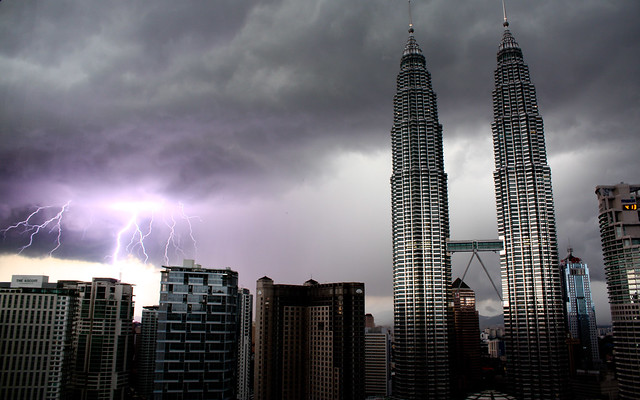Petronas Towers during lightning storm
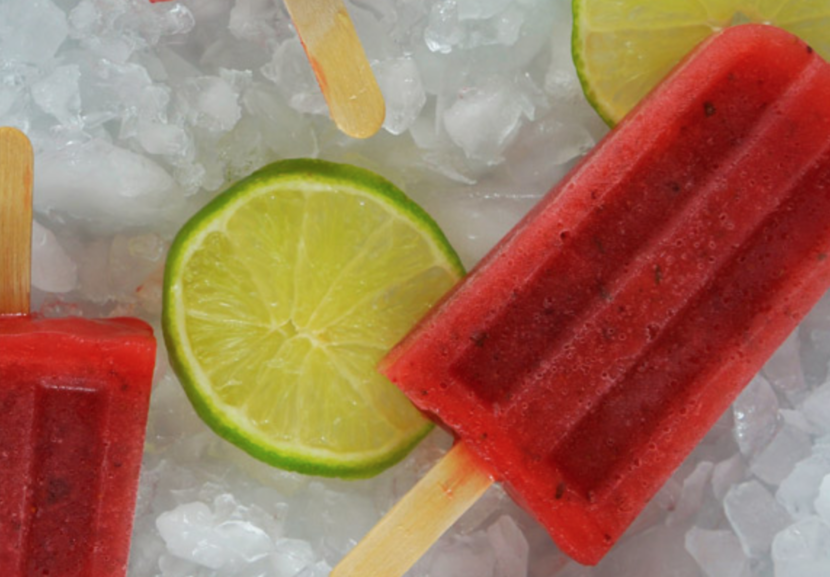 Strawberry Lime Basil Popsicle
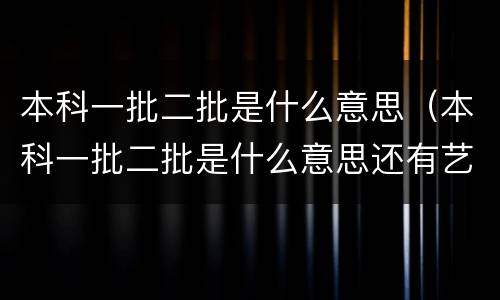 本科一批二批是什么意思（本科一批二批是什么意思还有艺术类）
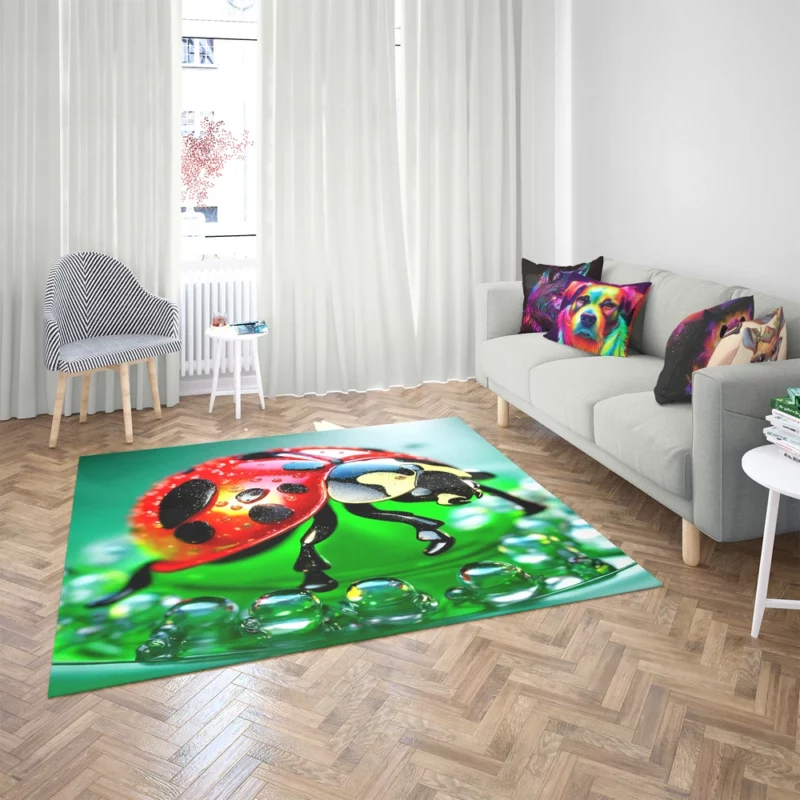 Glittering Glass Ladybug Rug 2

==

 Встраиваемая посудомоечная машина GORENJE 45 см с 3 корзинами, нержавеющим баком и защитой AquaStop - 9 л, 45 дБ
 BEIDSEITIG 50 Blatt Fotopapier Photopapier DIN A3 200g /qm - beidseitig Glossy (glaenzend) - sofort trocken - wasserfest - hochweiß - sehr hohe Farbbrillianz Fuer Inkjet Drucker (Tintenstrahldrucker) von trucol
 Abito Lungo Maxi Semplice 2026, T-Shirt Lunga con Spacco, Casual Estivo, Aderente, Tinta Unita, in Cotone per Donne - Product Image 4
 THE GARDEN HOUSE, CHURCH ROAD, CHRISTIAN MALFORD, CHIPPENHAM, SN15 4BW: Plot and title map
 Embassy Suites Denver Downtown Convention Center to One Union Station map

==

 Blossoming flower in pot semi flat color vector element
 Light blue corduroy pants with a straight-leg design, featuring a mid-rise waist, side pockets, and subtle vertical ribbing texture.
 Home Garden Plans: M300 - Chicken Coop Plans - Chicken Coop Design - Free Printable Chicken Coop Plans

# [TASK DIRECTIONS]
Within the entries above, the lines from the one containing "Petronas Towers during lightning storm" through the one containing "Glittering Glass Ladybug Rug 2" are to be transcribed exactly, ends included, pictures excluded.

# [EXERCISE RESULT]
Petronas Towers during lightning storm
 Strawberry Lime Basil Popsicle
 本科一批二批是什么意思（本科一批二批是什么意思还有艺术类）
 Glittering Glass Ladybug Rug 2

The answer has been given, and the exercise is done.